Learn about the challenge

This is why it’s important

Our solution and its purpose

This initiative is designed to reverse deforestation and ecosystem degradation in the Amazon rainforest of Ecuador by the complementary integration of Amazonian vanilla plants into 4,000 hectares of polycrop agroforestry systems that are owned and controlled by indigenous smallholder farmers.

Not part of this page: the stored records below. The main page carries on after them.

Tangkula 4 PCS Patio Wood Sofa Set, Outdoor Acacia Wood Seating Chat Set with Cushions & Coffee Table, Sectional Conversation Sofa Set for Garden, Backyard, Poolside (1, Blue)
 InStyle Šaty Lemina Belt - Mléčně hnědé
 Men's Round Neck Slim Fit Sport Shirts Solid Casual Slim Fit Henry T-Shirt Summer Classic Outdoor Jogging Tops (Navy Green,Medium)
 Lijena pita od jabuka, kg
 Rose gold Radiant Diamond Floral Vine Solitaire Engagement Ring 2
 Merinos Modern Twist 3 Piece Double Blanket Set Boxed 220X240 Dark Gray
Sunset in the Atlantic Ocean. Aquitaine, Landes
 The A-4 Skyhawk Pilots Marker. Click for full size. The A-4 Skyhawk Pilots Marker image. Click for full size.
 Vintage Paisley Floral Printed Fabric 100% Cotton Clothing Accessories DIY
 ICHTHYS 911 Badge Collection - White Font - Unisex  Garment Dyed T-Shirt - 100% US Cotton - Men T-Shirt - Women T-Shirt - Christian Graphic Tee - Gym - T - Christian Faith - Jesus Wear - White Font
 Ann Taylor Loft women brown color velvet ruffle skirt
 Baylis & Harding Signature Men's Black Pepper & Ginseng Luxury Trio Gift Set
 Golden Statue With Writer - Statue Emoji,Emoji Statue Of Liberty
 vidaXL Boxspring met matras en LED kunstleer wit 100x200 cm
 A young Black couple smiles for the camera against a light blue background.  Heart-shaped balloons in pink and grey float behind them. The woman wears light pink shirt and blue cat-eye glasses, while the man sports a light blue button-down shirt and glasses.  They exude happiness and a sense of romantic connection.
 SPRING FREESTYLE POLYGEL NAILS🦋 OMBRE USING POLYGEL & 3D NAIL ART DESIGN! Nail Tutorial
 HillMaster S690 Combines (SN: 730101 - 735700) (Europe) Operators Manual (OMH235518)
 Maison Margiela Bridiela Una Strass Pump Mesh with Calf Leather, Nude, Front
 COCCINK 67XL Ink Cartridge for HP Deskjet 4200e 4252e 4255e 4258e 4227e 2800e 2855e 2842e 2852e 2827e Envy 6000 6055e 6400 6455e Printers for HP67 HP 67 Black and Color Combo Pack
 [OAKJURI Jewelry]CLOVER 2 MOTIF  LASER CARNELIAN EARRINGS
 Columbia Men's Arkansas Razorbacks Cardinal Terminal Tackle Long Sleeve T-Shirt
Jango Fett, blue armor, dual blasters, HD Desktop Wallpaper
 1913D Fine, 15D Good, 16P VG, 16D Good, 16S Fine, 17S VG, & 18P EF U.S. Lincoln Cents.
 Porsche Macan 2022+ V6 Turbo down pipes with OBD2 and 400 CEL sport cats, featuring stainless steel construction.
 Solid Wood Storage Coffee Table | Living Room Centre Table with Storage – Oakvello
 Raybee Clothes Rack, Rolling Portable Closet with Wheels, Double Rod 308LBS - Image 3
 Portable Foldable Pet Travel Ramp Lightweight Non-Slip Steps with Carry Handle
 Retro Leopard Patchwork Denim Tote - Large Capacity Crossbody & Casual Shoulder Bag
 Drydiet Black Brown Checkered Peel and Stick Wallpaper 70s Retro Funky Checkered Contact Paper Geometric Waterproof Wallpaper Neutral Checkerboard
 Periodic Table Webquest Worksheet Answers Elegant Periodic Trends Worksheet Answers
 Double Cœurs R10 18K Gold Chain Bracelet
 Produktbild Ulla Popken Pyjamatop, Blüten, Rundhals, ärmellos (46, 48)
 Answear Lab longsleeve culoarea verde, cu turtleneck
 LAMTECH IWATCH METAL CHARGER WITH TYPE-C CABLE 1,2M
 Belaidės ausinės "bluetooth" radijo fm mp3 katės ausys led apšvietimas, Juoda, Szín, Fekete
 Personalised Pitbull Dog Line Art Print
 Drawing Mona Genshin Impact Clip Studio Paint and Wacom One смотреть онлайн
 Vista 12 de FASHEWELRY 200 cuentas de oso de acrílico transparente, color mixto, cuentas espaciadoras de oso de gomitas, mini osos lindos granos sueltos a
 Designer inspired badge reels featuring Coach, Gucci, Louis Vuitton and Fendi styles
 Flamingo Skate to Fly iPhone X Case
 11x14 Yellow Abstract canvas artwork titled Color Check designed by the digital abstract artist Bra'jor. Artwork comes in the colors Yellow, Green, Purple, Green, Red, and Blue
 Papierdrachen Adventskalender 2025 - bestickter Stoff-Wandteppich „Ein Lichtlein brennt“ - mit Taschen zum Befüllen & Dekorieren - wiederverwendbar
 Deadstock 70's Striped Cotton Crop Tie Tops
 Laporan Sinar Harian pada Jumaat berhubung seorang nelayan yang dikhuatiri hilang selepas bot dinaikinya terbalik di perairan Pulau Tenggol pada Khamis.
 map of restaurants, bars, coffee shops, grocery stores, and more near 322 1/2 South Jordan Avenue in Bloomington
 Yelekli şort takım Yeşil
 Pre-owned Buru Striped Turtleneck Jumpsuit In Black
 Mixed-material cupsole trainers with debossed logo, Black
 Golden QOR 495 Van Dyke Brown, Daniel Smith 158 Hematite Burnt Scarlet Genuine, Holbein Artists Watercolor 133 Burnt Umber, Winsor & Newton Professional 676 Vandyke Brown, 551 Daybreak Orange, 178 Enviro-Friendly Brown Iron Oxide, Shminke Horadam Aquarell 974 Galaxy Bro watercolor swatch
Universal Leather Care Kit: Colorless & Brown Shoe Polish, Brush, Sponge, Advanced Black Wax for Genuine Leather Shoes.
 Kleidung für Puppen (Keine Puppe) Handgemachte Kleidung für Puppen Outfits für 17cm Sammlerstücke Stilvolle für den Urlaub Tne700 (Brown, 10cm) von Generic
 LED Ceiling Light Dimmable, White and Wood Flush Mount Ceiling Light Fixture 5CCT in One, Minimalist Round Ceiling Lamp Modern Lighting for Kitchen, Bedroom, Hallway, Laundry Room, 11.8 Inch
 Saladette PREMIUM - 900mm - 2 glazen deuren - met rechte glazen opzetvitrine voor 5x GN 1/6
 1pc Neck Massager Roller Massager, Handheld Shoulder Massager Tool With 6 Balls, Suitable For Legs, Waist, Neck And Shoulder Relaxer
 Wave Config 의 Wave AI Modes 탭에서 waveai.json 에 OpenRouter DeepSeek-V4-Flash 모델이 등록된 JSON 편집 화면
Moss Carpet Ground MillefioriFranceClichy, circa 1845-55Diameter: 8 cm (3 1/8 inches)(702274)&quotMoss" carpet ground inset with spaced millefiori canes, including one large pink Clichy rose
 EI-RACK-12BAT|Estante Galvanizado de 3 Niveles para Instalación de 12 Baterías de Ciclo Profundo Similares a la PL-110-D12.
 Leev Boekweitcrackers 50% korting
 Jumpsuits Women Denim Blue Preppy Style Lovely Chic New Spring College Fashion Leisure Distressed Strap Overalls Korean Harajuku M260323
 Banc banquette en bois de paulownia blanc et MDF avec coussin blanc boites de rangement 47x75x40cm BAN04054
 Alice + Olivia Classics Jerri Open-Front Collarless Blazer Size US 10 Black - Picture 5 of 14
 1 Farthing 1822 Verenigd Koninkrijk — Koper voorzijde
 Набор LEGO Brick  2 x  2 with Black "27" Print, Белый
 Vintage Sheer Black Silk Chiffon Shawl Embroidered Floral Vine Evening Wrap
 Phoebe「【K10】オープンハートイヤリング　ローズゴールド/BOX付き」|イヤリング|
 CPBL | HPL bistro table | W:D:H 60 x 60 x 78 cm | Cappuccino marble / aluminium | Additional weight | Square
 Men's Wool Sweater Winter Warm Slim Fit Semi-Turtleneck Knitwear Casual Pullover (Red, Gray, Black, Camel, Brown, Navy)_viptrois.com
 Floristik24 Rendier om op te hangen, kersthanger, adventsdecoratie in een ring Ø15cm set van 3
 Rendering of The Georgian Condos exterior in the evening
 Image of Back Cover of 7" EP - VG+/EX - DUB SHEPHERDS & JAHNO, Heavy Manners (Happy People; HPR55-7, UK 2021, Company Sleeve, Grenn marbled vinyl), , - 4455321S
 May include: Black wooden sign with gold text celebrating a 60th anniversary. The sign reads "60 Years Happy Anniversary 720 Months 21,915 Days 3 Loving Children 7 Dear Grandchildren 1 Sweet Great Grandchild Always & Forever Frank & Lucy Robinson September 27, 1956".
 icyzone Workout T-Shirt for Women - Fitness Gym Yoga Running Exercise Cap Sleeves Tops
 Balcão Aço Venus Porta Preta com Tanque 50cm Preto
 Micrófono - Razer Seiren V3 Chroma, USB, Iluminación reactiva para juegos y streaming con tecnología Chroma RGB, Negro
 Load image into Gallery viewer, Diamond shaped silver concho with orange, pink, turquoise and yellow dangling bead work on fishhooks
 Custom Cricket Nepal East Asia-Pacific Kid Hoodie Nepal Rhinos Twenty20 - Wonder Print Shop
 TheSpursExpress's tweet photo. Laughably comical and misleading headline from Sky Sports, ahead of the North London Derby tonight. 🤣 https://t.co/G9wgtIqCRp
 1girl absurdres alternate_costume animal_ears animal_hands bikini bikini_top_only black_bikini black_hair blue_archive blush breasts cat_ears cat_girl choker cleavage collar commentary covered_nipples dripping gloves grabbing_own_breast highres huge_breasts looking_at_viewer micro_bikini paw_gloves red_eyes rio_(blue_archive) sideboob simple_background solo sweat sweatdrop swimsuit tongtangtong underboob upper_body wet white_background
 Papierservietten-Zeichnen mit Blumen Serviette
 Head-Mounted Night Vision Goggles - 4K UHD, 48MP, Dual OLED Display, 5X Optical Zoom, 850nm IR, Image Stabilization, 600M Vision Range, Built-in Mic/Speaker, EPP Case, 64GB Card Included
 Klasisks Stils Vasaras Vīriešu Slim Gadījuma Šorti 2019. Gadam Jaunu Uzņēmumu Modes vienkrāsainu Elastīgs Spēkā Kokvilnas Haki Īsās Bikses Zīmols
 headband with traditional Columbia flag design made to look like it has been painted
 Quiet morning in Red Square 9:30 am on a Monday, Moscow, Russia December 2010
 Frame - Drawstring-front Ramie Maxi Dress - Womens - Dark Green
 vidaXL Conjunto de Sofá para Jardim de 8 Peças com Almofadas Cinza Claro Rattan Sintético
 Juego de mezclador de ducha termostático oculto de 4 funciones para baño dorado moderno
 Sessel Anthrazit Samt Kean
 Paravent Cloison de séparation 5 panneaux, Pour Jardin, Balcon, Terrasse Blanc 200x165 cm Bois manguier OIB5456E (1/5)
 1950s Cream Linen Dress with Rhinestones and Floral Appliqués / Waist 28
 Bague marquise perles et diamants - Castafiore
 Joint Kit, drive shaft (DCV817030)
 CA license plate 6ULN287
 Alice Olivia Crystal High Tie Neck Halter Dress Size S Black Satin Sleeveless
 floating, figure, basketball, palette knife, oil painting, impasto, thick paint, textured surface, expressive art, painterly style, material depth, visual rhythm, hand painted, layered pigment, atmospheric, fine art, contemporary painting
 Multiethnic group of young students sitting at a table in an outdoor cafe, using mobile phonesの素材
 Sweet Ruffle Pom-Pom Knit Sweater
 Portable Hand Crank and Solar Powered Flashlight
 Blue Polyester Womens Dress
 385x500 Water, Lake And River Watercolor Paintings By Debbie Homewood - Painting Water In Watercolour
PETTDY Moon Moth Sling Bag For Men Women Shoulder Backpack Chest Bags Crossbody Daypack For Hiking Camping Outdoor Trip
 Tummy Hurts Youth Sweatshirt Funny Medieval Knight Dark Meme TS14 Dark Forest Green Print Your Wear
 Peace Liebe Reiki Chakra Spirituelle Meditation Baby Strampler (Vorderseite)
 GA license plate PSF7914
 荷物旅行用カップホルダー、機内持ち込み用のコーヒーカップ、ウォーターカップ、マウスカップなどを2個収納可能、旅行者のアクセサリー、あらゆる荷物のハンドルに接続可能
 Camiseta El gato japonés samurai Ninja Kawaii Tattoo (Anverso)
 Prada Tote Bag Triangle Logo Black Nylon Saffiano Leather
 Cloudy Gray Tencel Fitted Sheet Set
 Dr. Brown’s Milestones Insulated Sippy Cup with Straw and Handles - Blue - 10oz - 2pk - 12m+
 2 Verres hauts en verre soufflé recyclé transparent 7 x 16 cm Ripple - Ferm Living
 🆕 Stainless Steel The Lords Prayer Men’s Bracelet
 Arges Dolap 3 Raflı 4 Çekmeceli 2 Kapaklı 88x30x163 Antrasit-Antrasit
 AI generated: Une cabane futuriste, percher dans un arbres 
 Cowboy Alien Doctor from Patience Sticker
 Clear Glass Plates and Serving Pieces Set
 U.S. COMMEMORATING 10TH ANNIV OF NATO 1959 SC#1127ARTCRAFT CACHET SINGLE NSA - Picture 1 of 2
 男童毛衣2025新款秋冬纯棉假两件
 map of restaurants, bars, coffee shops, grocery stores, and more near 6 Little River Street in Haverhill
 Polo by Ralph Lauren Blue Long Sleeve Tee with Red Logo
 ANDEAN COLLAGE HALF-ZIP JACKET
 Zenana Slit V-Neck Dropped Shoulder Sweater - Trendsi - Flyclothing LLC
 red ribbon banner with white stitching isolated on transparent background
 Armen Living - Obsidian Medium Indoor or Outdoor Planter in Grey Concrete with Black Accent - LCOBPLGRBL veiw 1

Together with our partnering indigenous community associations from Amazonian Ecuador, we identified considerable bioeconomic potential for endangered Amazonian vanilla orchids and the Amazon ecosystem. Vanilla orchids are shade-growing plants that wrap themselves around endemic trees in a symbiotic relationship. This encourages indigenous smallholder farmers to keep and plant local trees instead of clearing forests for cattle ranching or mono-crop agriculture. As the second-most expensive spice in the world, vanilla can have a significant bioeconomic impact for local smallholder farmers to increase and diversify their income, protect the megadiverse ecosystems of Amazonian Ecuador, and facilitate new opportunities for inclusive and independent indigenous community enterprises to operate disintermediated value chains.

What’s the impact?

By using a stakeholder-centered, multidimensional monitoring and evaluation system that collects and analyses data from 4,000 associated smallholder farmers who are organized in three indigenous community associations. We use the Sustainable Development Goals (SDGs) as well as B Lab Impact Assessment as guiding frameworks to measure our impact on a broad range of different metrics (including, for example, economic income development, number of communities served, families assisted, plants and trees planted, and many others).

Vision for the next 5-10 years

We will gradually increase the amount of vanilla integrated into Amazonian agroforestry systems in line with the capacity building of 4,000 associated smallholder farmers who are organized in three community associations. Under consideration of a sustainable development model, the project will gradually move from the integration of 6,000 vanilla plants on 100 hectares of existing agroforestry systems in 2021, to 72,000 plants on 1,200 hectares in2026. This will total 240,000 vanilla plants on 4,000 hectares by 2026, generating an annual volume of 100 tons of black vanilla that can be commercialized through disintermediated value chains in long-term partnerships with responsible and committed international clients.

We define success by the number of families we can pull out of poverty and economic dependence, the hectares of Amazonian territory that can be reforested and protected, as well as the levels of technical and commercial capacity, skill development, female leadership, and gender equality.